Shareholders are scheduled to meet at a general meeting in the third quarter to approve the distribution of 7.94 fils per share interim dividend.

Profitability driver

A key driver of Borouge’s profitability is its sustained price premia for polyethene and polypropylene, which remained robust at $198 and $138 per tonne, respectively, in Q2, the company said. 

This was in line with Borouge's mid-term through-the-cycle guidance, which management reiterates. Borouge achieved record quarterly production levels, driven by outstanding capacity utilisation rates of 114 per cent for polyethene and 103 per cent for polypropylene.
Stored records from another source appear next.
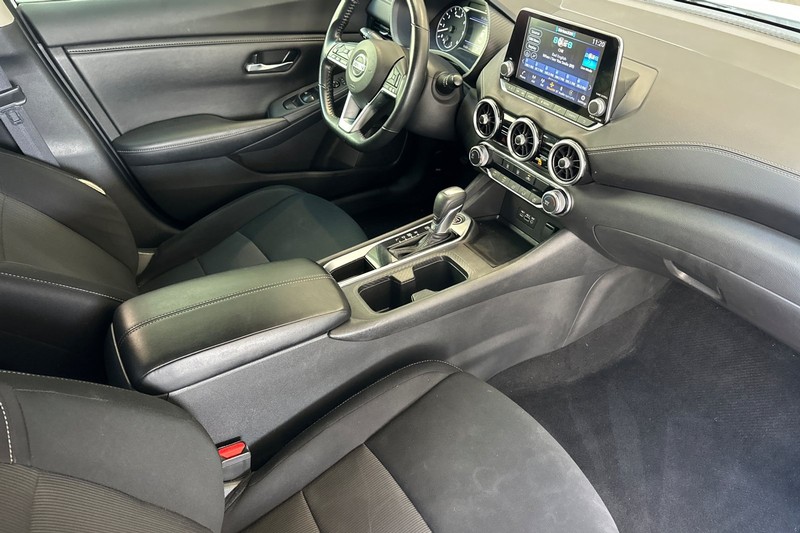 Nissan Sentra Vehicle Full-screen Gallery Image 18
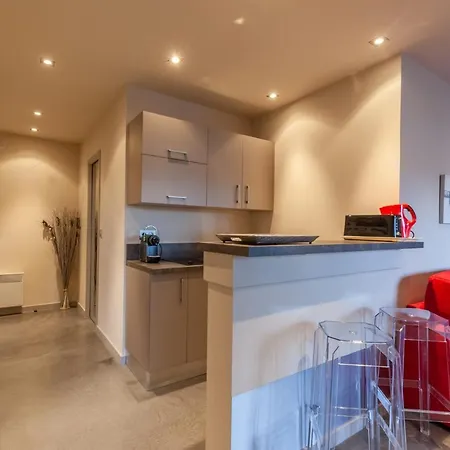 With Parking On Place De Morny * دوفييل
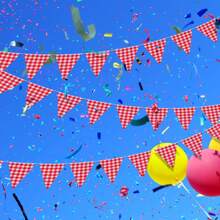 5 Pieces, Paper Red And White Checkered Pennant Banner Triangle Red And White Banner For Picnic BBQ Birthday Christmas Party Decoration Supplies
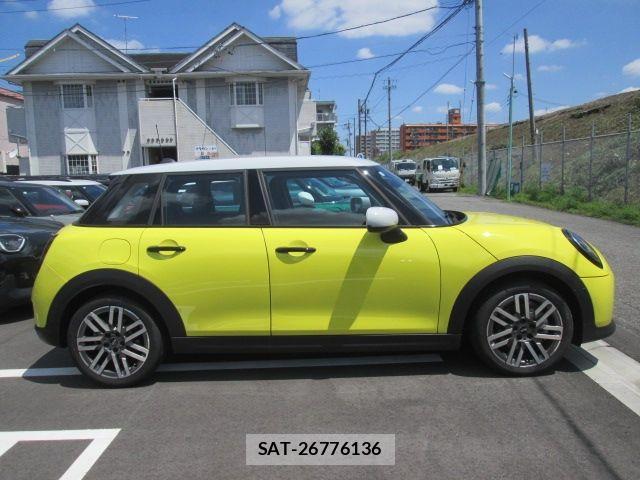 Bmw MINI 2025-02 1257940-6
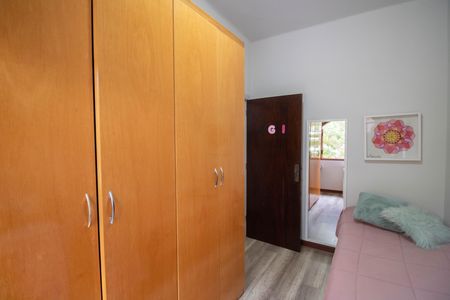 Casa à venda com 155m², 3 quartos e 5 vagas Casa à venda com 155m², 3 quartos e 5 vagasQUARTO 3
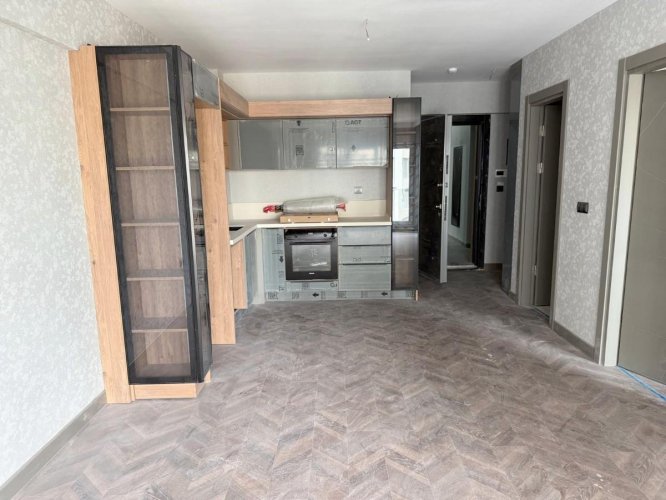 Yeni Batı AP İst Portta, 1+1+Giyinme Odası+Kiler, 6.Katta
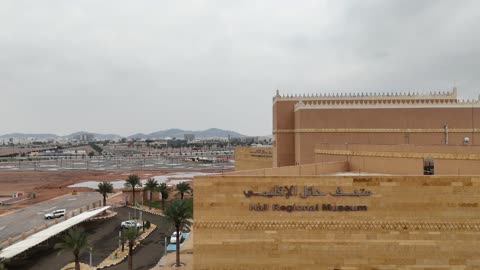 تثقيف الزوار بتاريخ المنطقة العريق، تصوير درون لمتحف حائل الإقليمي في وقت الليل وسط المدينة في المملكة العربية السعودية، الفن الهندسي المعماري على الطراز القديم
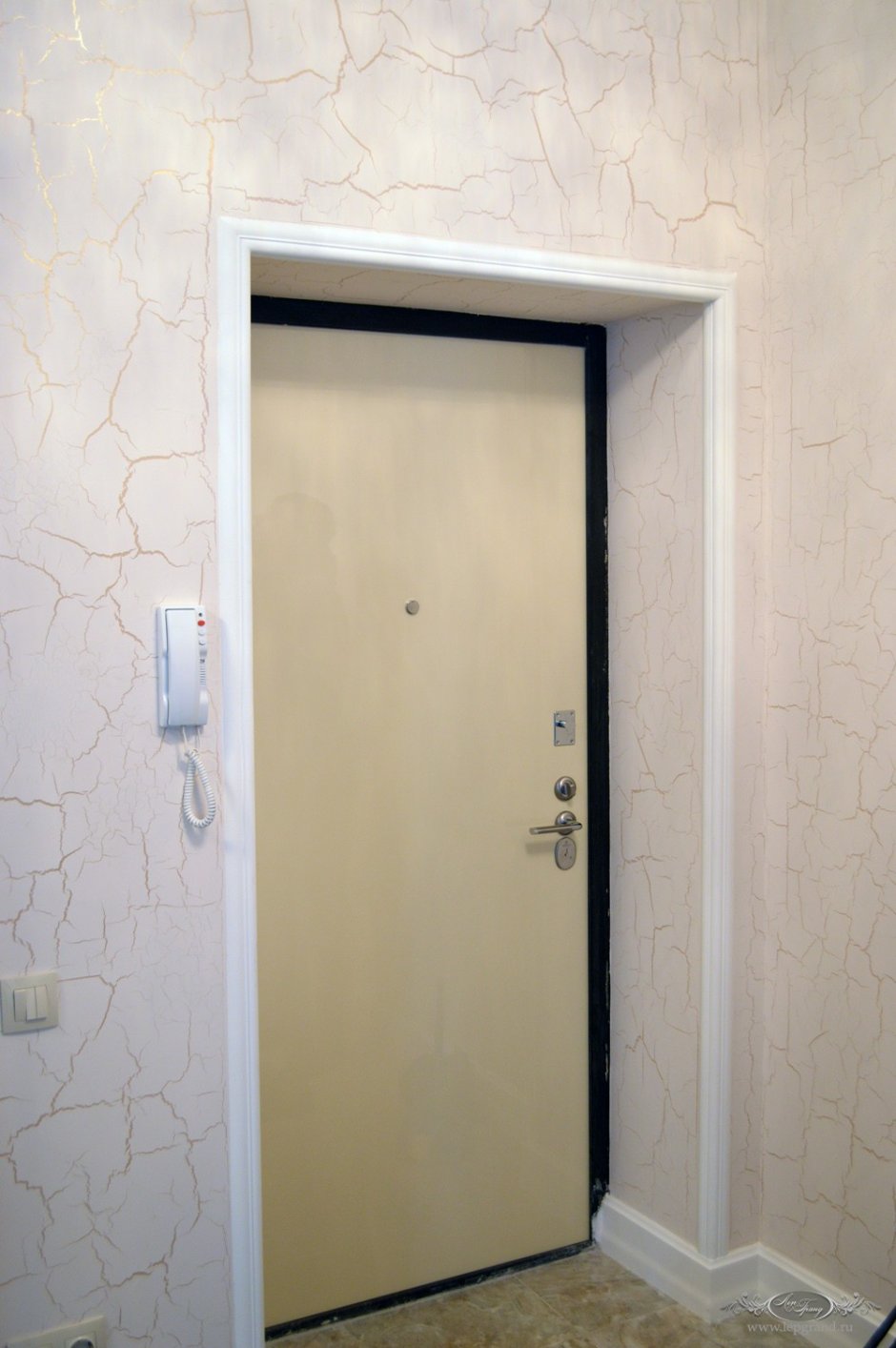 Откосы проема входной двери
This was supported by an ongoing focus on process safety and asset reliability, which stood at 97 per cent in Q2.

Hazeem Sultan Al Suwaidi, Borouge’s Chief Executive Officer, said, “Borouge stands out globally for its operational excellence and determined focus on value creation, as reflected in peak utilisation rates, record production volumes, and industry-leading EBITDA margins.”

Al Suwaidi said, “Our priority is to drive accelerated growth through capacity expansion, optimal productivity and a focus on high-value customer segments.”

Borouge 4 complex

The company CEO has promised to deliver a “transformational increase in production volumes” through the Borouge 4 complex—the company’s second ethylene unit EU2—and as part of a consortium drawing plans for a new speciality polyolefins plant in China.

“An ambitious artificial intelligence programme is also powering growth and enhancing productivity, safety and sustainability to unlock significant financial value,” said the CEO.

The company has reached over 70% completion of the Borouge 4 facility mega project, which will increase production capacity by 28 per cent, making Al Ruwais Industrial City the biggest integrated single-site polyolefin complex in the world. The project, built by Borouge on behalf of the project’s owners, ADNOC and Borealis, is scheduled for completion at the end of 2025 and is projected to generate an additional $1.5 - $1.9 billion in annual revenue.

Sales volumes rose by 16 per cent in Q2, supported by the infrastructure solutions segment.

Borouge reported revenue of $1.5 billion in Q2, up 6 per cent year over year. Sales volumes increased 16 per cent quarter over quarter (QoQ), driven by a focus on high-value segments, with infrastructure solutions contributing 41% of sales volumes.

Average sales prices softened marginally in the quarter, with a small gain for polypropylene offset by a slight decline for polyethene. Global benchmarks rose 4 per cent and 2 per cent QoQ, respectively. Asia Pacific accounted for 66 per cent of sales volume, unchanged YoY, with the Middle East and Africa advancing to 28 per cent from 27 per cent a year earlier as the company optimised its regional sales mix.

Adjusted EBITDA increased to $613 million from $518 million a year earlier, with the company achieving management guidance on price premia despite the challenging market conditions.